The Christian faith is, above all, a living relationship with the living Christ. Without images, Christianity can too easily descend into a system: a philosophy, moralism, or whatever. The beauty of liturgical art—not just the imagery, but the way churches are lit, the ceremony, the chanting, and so on—is like the fragrance of Christ, attracting us to adore and follow Him. This is why word and image must go hand in hand.

I have this picture in my mind of someone walking along a footpath. There is a high wall running along one side of the footpath, a bit like those that surround the estates of great houses in England. This person is walking along and smells an amazing fragrance.

“Where does that come from? I want to find the source of this wonderful fragrance. But I don't know how to get to it.” It is a very high wall that goes for miles and miles. So, the person needs to ask a local how to get into the garden. They look for and find someone, who then leads them to the gate. The seeker enters the garden and discovers the source of the fragrance.

To me, liturgical art has many functions, but one of them is to offer people the fragrance of Christ. The word, written or spoken, is then necessary to fill out that experience of beauty by to directing people to Christ as the source of that beauty, into an ongoing relationship.
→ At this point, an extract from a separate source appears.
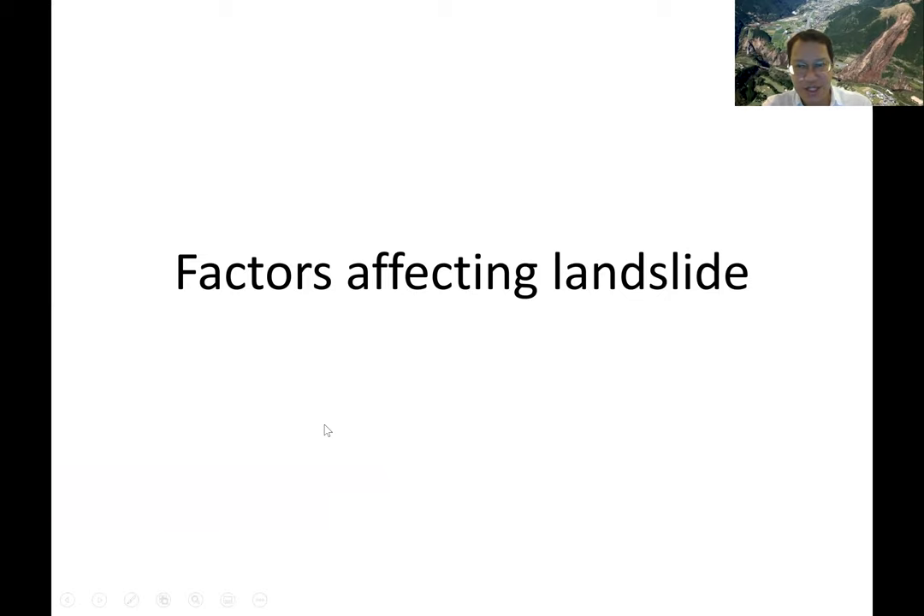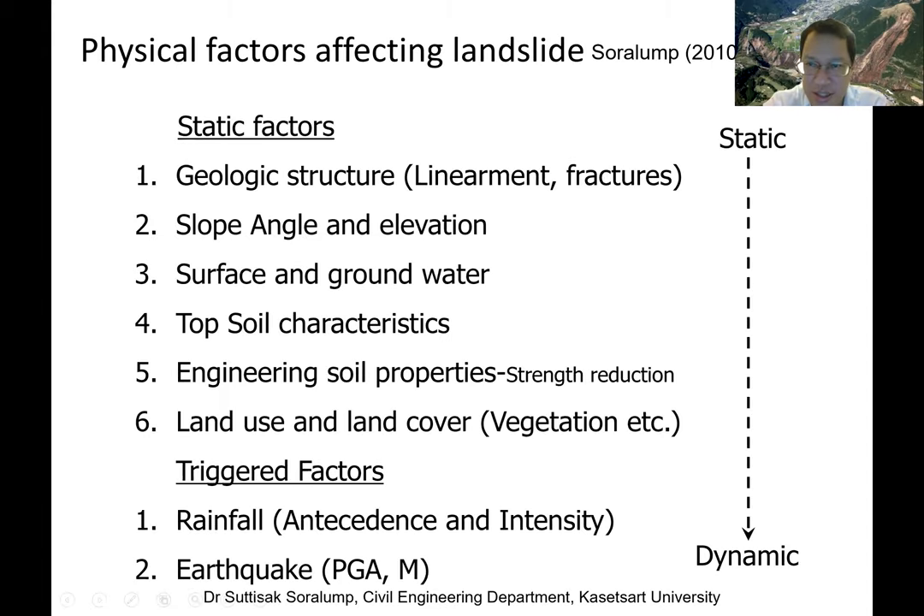In conclusion, I would like to discuss the factors affecting landslides. We classify them into two groups: static factors and trigger factors. Static factors include geological structure — the lineament and structure of the rock, such as inclined rock bedding that is ready to slide — and slope angle, which everyone understands: the steeper the slope the more likely it will slide. Elevation relates to kinematic and potential energy.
In this way, the experience of beauty doesn’t remain just a temporary aesthetic feeling.

Icons are above all else to do with faces. It is interesting that in Latin and Greek the word ‘face’ is the same as person (persona, prosopon). The face exists for relationship. Going into churches full of icons, particularly frescoes, you immediately realise that you are entering into the communion of the saints. You are entering a living relationship with Christ. Our worship on earth is this participation in heavenly worship.

"The act of kissing an icon is a means of venerating the person depicted. In my own experience, this veneration consequently helps me to venerate all people as living icons of God."

1.

Icons are a form of sacred art. Fittingly, therefore, the first book you have chosen is not by an art scholar but a Father of the Church. It is St John Damascene’s Three Treatises on the Divine Images. He wrote these tracts amid Emperor Leo III’s attempt to outlaw sacred images from 726 on. What are the salient points of St. John Damascene’s classic defence of icons.
I chose this book as the first one because it lays out all the main arguments ratified by the Seventh Ecumenical Council.
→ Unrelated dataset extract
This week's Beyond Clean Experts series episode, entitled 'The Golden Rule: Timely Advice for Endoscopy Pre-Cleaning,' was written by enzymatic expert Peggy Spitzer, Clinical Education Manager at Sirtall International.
First, there is the Incarnation. That is the fundamental thing. St John writes, “I do not draw an image of the immortal Godhead, but I paint the image of God, who became visible in the flesh. For it is impossible to make a representation of a spirit.” If we say that we cannot have icons of Christ, then we are saying that the Incarnation was not real. Icons of Christ are a profound theological statement. The point is not to have pretty pictures in our churches to give us nice feelings. They are there to strengthen our relationship with God.

The second thing is veneration. Famously, St John wrote, “I worship God alone, but I will not cease to venerate all those things though which God comes to me.” The act of kissing an icon is a means of venerating the person depicted. In my own experience, this veneration consequently helps me to venerate all people as living icons of God.
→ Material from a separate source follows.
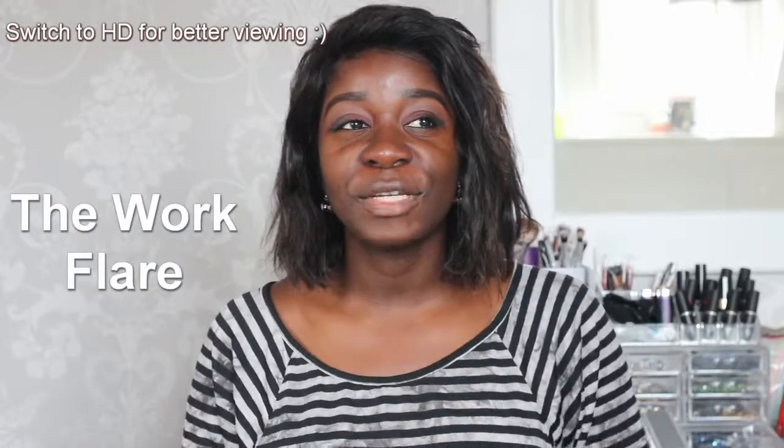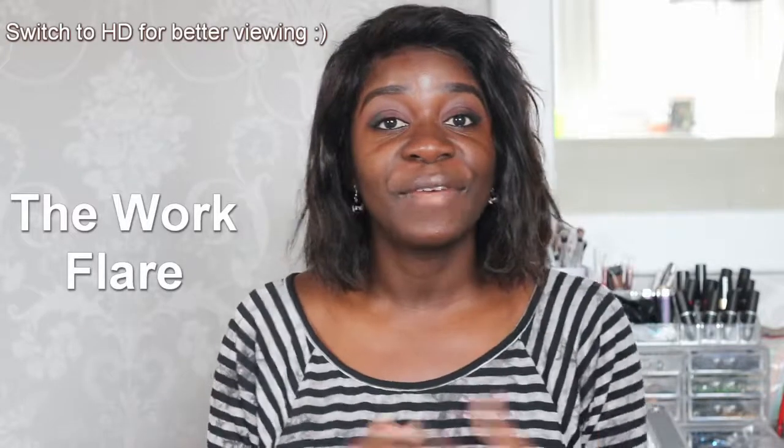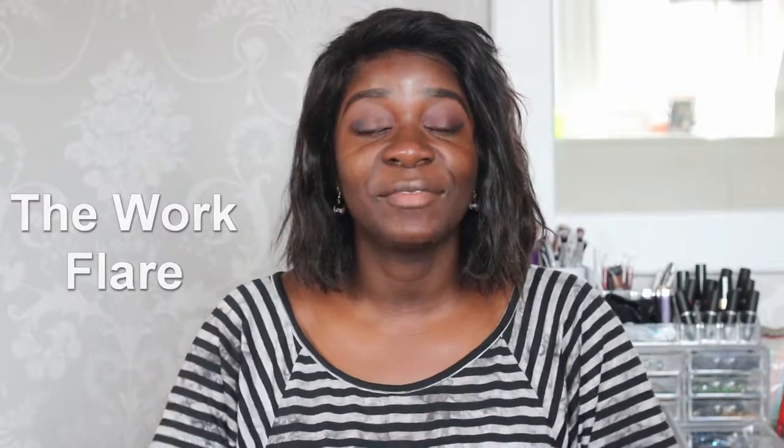Hello everyone and welcome to my channel. Today I have a sort of first impression slash review of the Fenty Beauty haul — obviously that's what everyone's been talking about. Rihanna launched her beauty line, I think it was on Friday, at least in Harvey Nichols here in the UK. I actually went to the store and bought a few things, and I just basically wanted to show you what I got.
To have images of one form or the other is natural to the human person, and to honour things through them is natural. Everyone uses images of one sort or the other. St. John Damascene said that even the iconoclasts used them, that they were inconsistent since they permitted images of the cross. They allowed crosses, which are icons, and yet they would not allow images of the one who was crucified upon the cross.

So, the icon tradition affirms the Incarnation and veneration. Thirdly, St John wrote that it also affirms the goodness of matter. He said that while he worshipped God alone, he would not cease to venerate the matter —Christ’s flesh and the whole material world—by which our salvation is effected. In saying this, he was also asserting the bi-partite nature of the human person, as a union of body and spirit not just a spirit rattling around in a temporary body. Our bodies are a part of our humanity. We are created a unity of spirit and flesh. So St. John Damascene is not just making a statement about the Incarnation. In defending icons, he is making a statement about the nature of humanity: that God can enter us through all our senses, not just our hearing, but also our seeing.

Fourthly, he makes an interesting point that not only the whole of creation, but even the Holy Trinity, is underpinned by image.

He defines seven types of image. There is Christ. He is the perfect image of the Father. So the principle of image exists within the Holy Trinity even before the whole world was created. The second type of image he describes are the ideas in the mind of God. St. Paul talks about the eternal plan of God (Ephesians 1:11). God creates like an artist. We have an idea in our mind, then we fashion it into an artwork. The idea exists before the artwork. Thirdly, there is the human person who is an image by imitation of the creator. He says, for example, that we reflect the trinitarian nature of God by being a union of mind and word and spirit. Fourthly, the whole the material world is an icon of invisible things. The sun and the moon, a rock even, all declare something of God's presence. Fifthly, St John talks about types, which are material images of things to come. The Old Testament temple is a type of many things. The Ark of the Covenant for example is a type of Christ. It is wood and gold, just as Christ is human and divine. Sixth, he said that there are objects that recall past sacred events, like the jar of manna, which was there to remind the Israelites of God's provision for them in the wilderness. Finally, he says that images can be made of anything that can be seen, anything that has form, shape and colour.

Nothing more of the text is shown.